# Brand Lift

Google Brand Lift to estimating lift from TrueView advertising campaigns, with surveys on YouTube using a randomized experiment. Users are assigned to experiment (i.e. treatment) or control using random number generation based on a hashed version of their cookies.

Questions for brand lift are designed to address different stages of the advertising funnel: ad recall, brand awareness, consideration, etc. This dataset includes data from one campaign and a single question about recall.

# Data
For exposure data, the columns are:
* timestamp: time of the exposure
* user_id: a unique identifier for the user
* group: whether the user was assigned to the control group, or the experiment group.
* gender: Female (F), Male (M), or Other/Uknown (O)
* age: five different age buckets <p>

For survey solicitations, the columns are:

* user_id: a unique identifier for the user.
* timestamp: time of the survey solicitation <p>

For responses, the columns are:

* user_id: a unique identifier for the user.
* timestamp: the timestamp of the response
* positive response: 0 or 1, where 1 indicates the user responded positively (i.e. the "correct answer" to the question.)
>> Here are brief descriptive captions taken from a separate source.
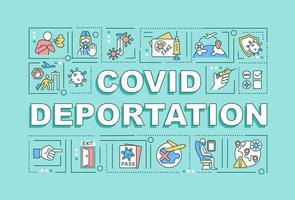 banner de conceptos de palabra de deportación de covid. pandemia global. infografías con iconos lineales sobre fondo verde. tipografía creativa aislada. ilustración de color de contorno vectorial con texto vector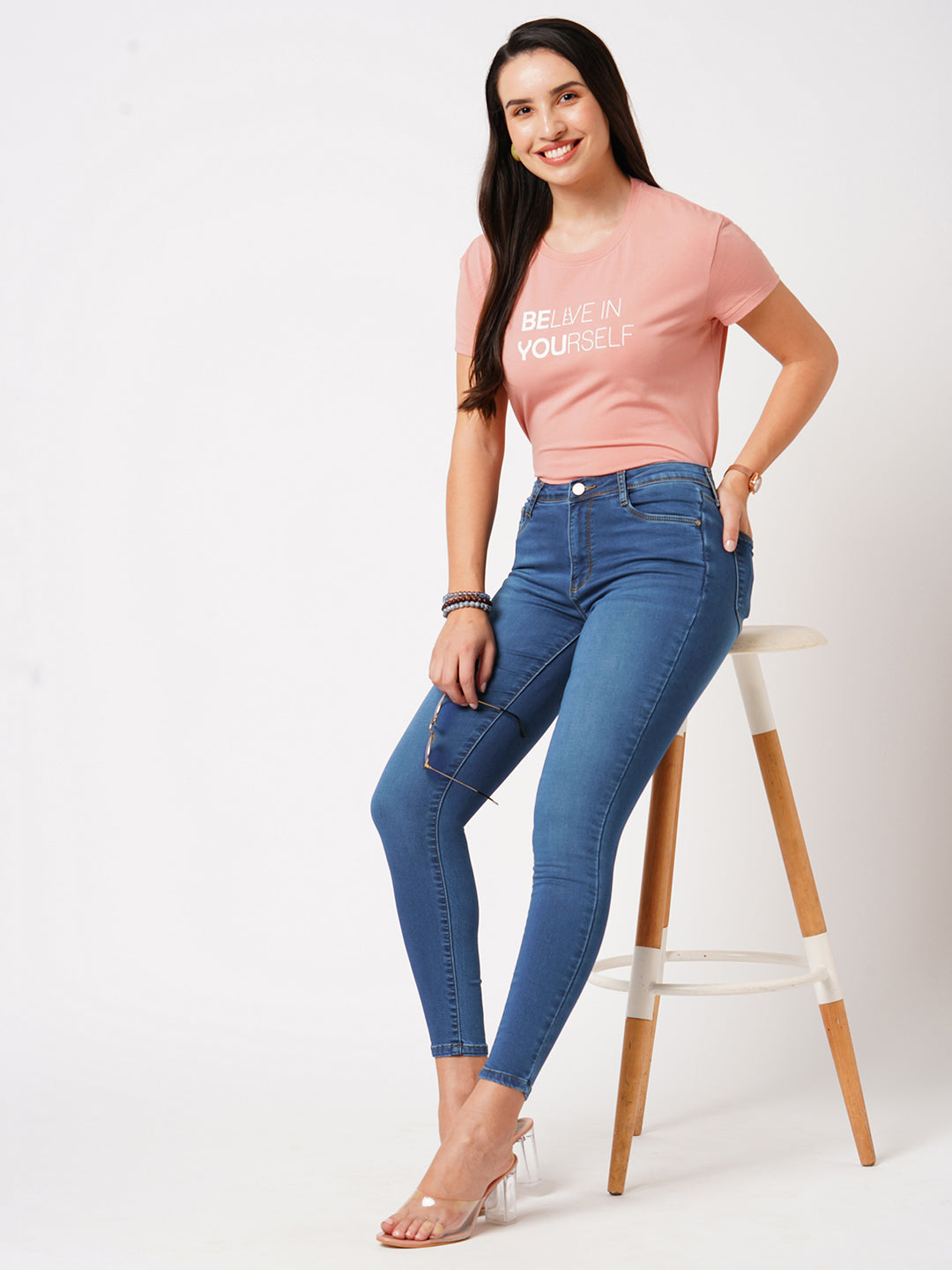Women Blue High-Rise Skinny Jeans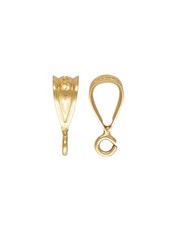 14K Gold Filled 3x9mm Jewelry Bails with Open Parallel Ring 2pcs for DIY Jewelry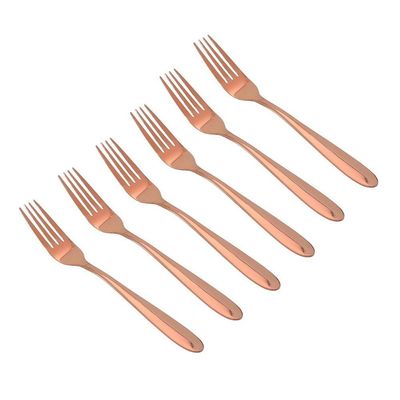 Kit Jogo De Garfos De Mesa Rose Gold 12pçs Inox Rústico Luxo
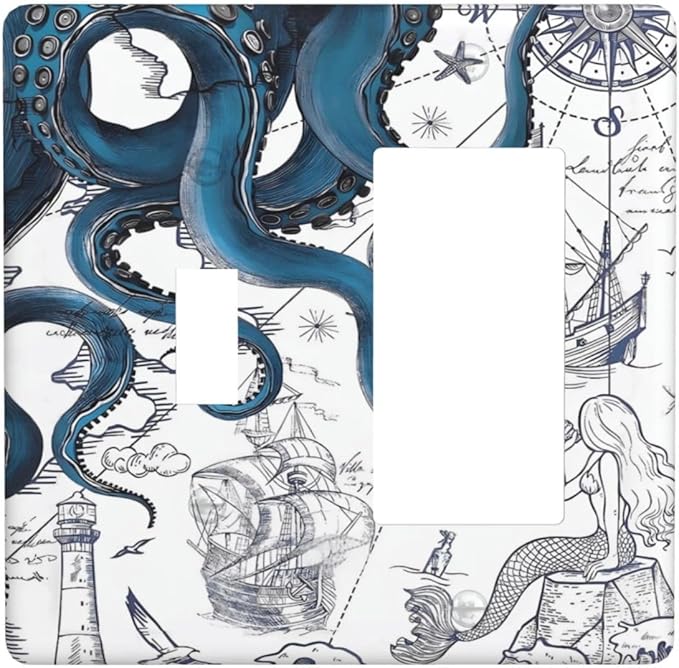Nautical Vintage Map Octopus Mermaid Lighthouse Boat Outlet Covers 1 Toggle 1 Rocker Combination Decorative Wall Plate Electrical Switch Plates Light Switch Cover Plate for Bathroom Kids Room Decor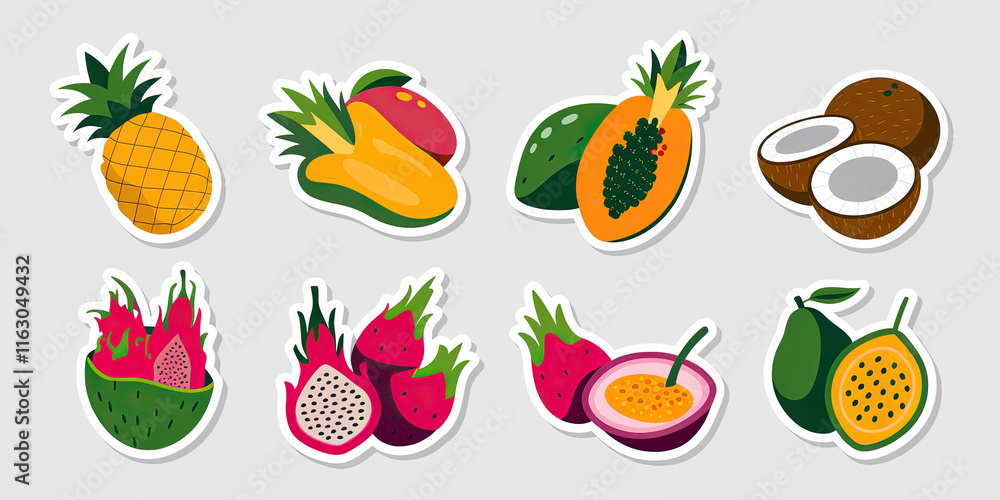 Tropical Fruit Stickers Pineapple Mango Papaya Coconut Dragon Fruit Passion Fruit Tropical Fruit Stickers Pineapple Mango Papaya Coconut Dragon Fruit Passion Fruit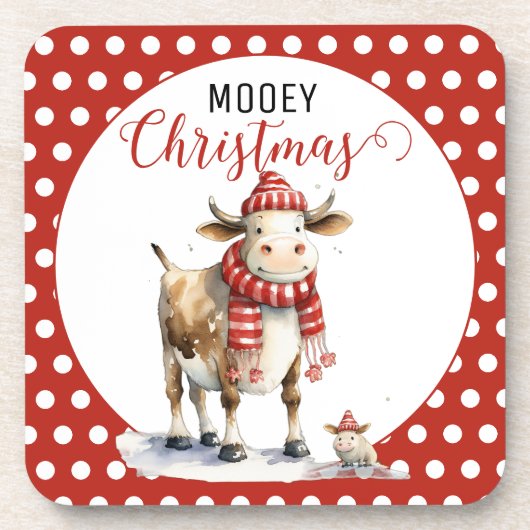 Dessous-de-verre Vache de Noël jeu de mots (Devant)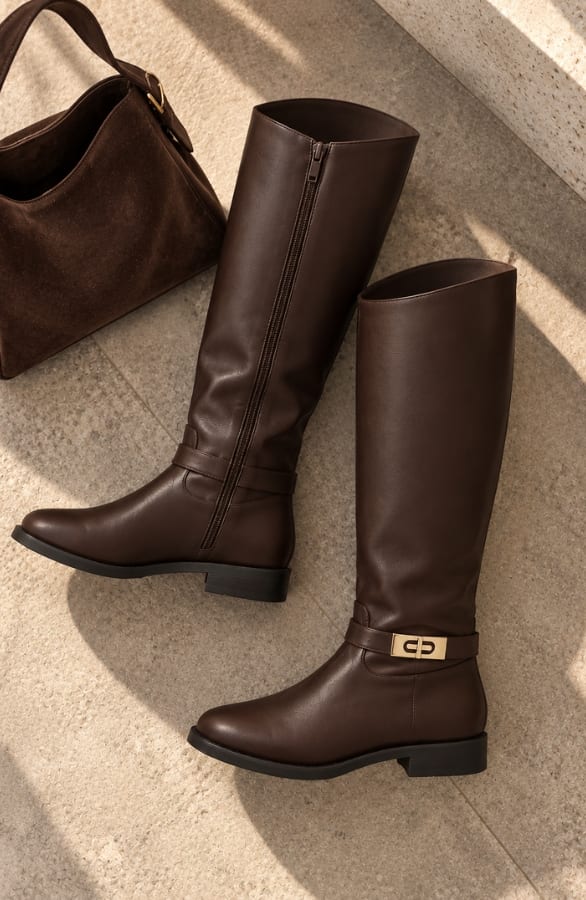 Elegant Riding Boots With Golden Buckle Choco – alle schoenen, foto 2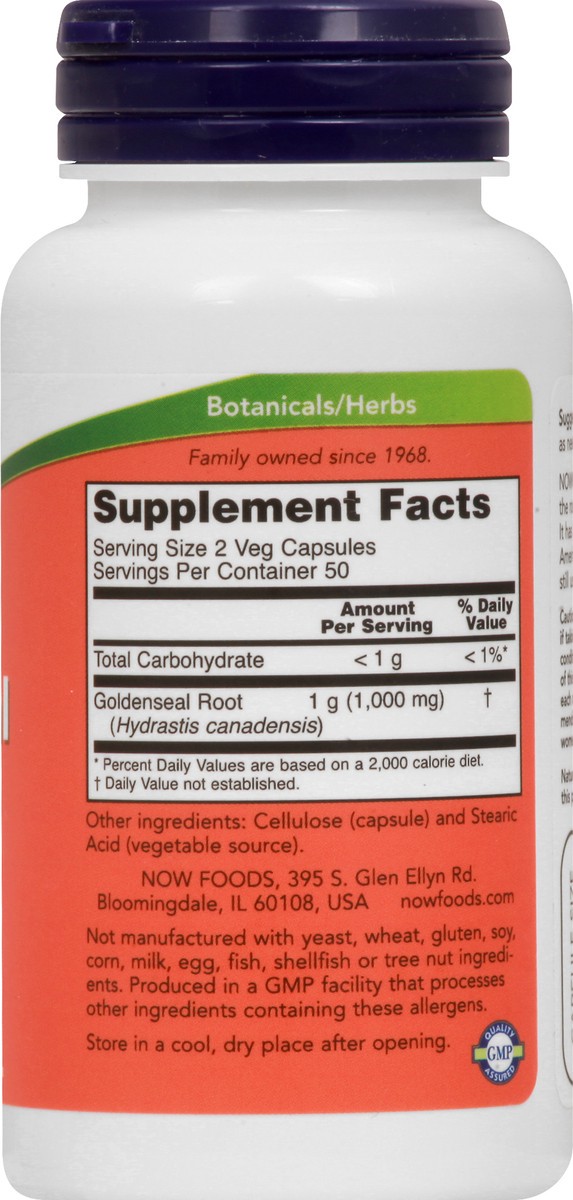slide 2 of 12, Now Naturals Botanicals/Herbs 500 mg Veg Capsules Goldenseal 100 ea, 100 ct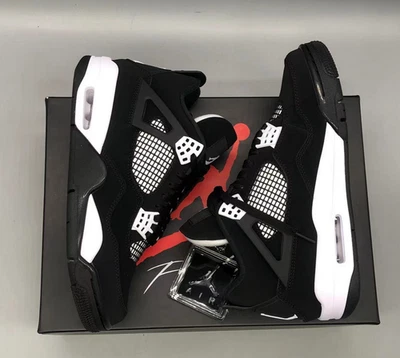 Jordan 4 Retro "White Thunder" Mid Top Men's Basketball Shoes-No shoebox - Image 1 of 4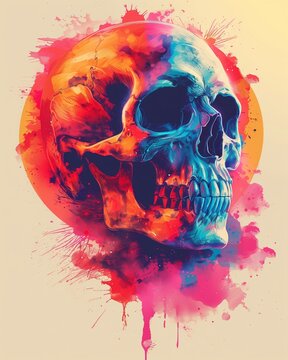 Colorful abstract skull illustration. AI generated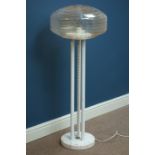 1960s floor standing lamp, vintage retro blown glass shade, raised on triple pillar,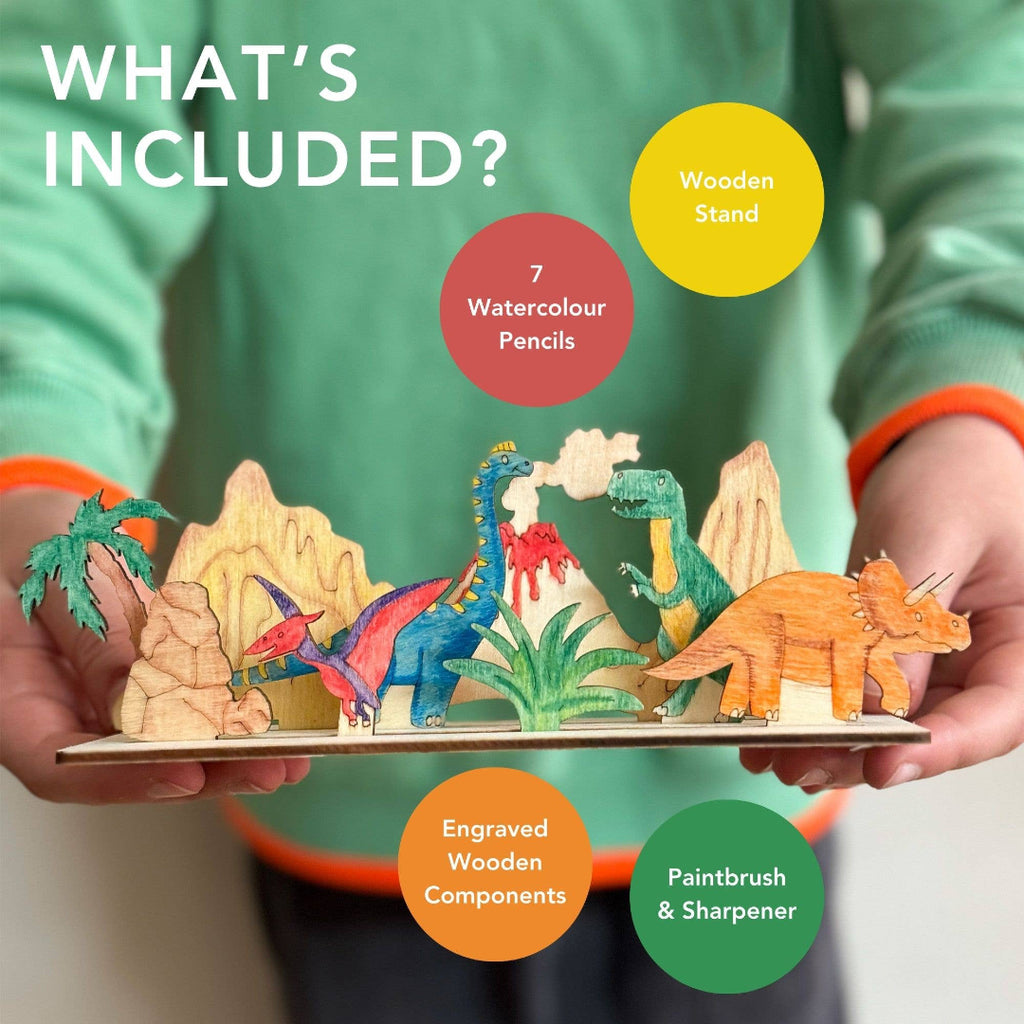 Wooden dinosaur set with colorful labels indicating included items.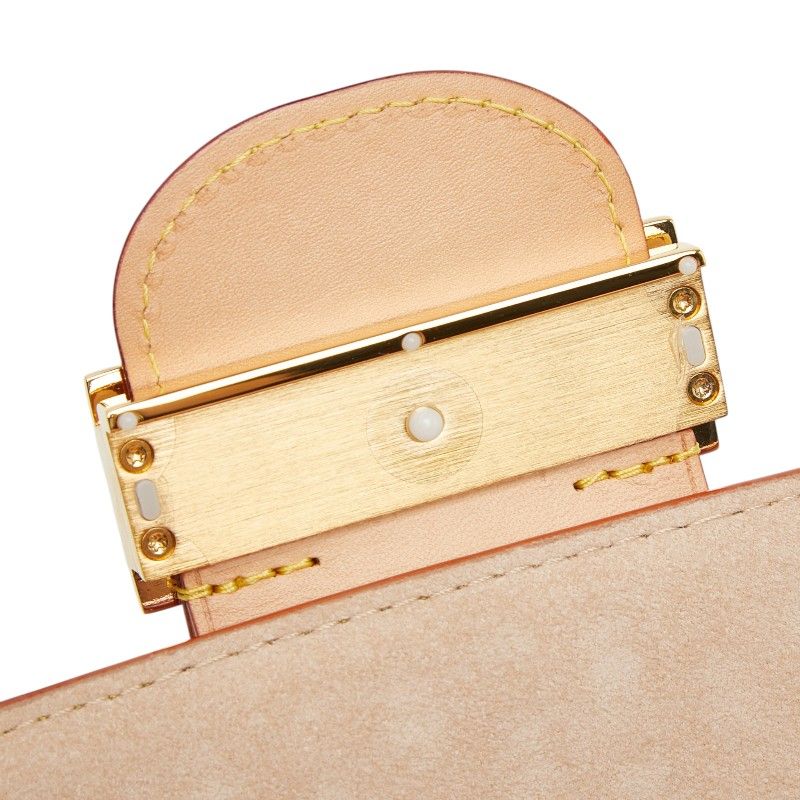 Louis Vuitton Dauphine Mini Crossbody Shoulder Bag Pink Beige Leather Straw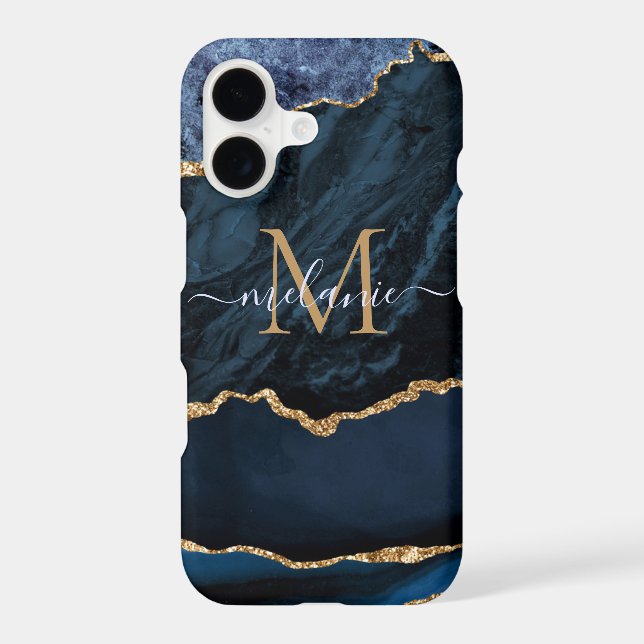 Blue Gold Sparkly iPhone Case Personalized Gift (Back)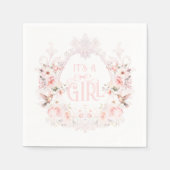 Floral Crest Blush Pink Het is een meisje Baby sho Servet (Voorkant)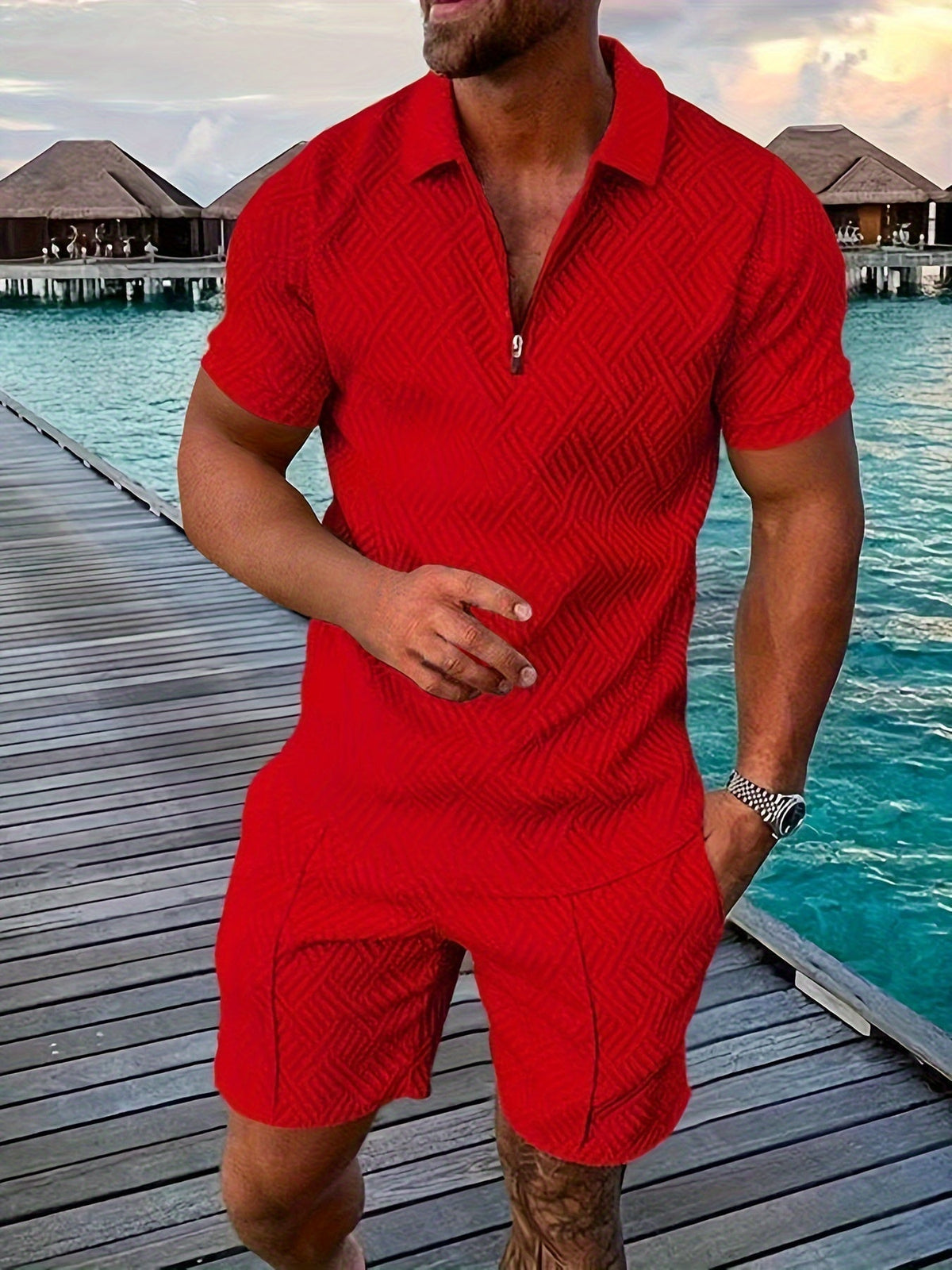 Gestructureerde herenset van poloshirt met korte rits en shorts
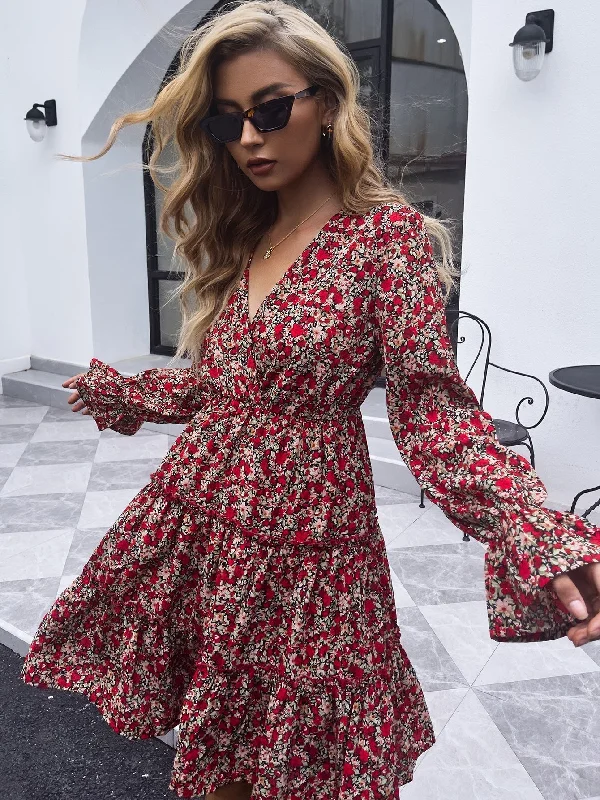 KittenAlarm - V-neck red floral mid-length casual long-sleeved dress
Analysing the difference in the proportion of positive responses between the experiment group and the control group using point estimates for the difference in response rate between the experiment group and control group, and a confidence interval on this difference.

In [None]:
import numpy as np
import pandas as pd

exposures_url = 'x'
exposure_data = pd.read_csv(exposures_url)

solicitations_url = 'y'
solicitation_data = pd.read_csv(solicitations_url)

responses_url = 'z'
response_data = pd.read_csv(responses_url)

In [None]:
#add col for frequency from exposure data for count of exposures per user
exposure_data['frequency'] = exposure_data.groupby('user_id')['user_id'].transform('count')
exposure_data = exposure_data[exposure_data['frequency'] <= 5]

#keep first exposure timestamp
first_exposure_data = exposure_data.sort_values(by=['user_id', 'timestamp']).drop_duplicates(subset='user_id', keep='first')

#rename timestamps
first_exposure_data = first_exposure_data.rename(columns={'timestamp': 'exposure_timestamp'})
solicitation_data = solicitation_data.rename(columns={'timestamp': 'solicitation_timestamp'})
response_data = response_data.rename(columns={'timestamp': 'response_timestamp'})

#merge data
df = pd.merge(first_exposure_data, solicitation_data, on='user_id', how='left')
df = pd.merge(df, response_data, on='user_id', how='left')

df.head()

Unnamed: 0,exposure_timestamp,user_id,group,gender,age,frequency,solicitation_timestamp,response_timestamp,positive_response
0,1707673303,1000040,CONTROL,M,18-29,2,,,
1,1706969254,1000094,EXPERIMENT,M,65+,2,,,
2,1707010678,1000581,EXPERIMENT,M,50-64,2,,,
3,1707294314,1000602,CONTROL,M,65+,2,1707900000.0,,
4,1706911834,1000802,EXPERIMENT,M,30-39,3,,,


In [None]:
#solicitation rate (percent of exposed users that were solicited)

def two_sample_solicitation_rate_conf_interval(df):
    critical_value = 1.96
    exp_data = df[df['group'] == "EXPERIMENT"]

    exp_solicited = exp_data['solicitation_timestamp'].notnull().sum()
    exp_exposed = len(exp_data)
    p1 = exp_solicited / exp_exposed


    se_1 = 0
    if exp_data.shape[0] > 0:
        se_1 = np.sqrt(p1 * (1 - p1) / exp_data.shape[0])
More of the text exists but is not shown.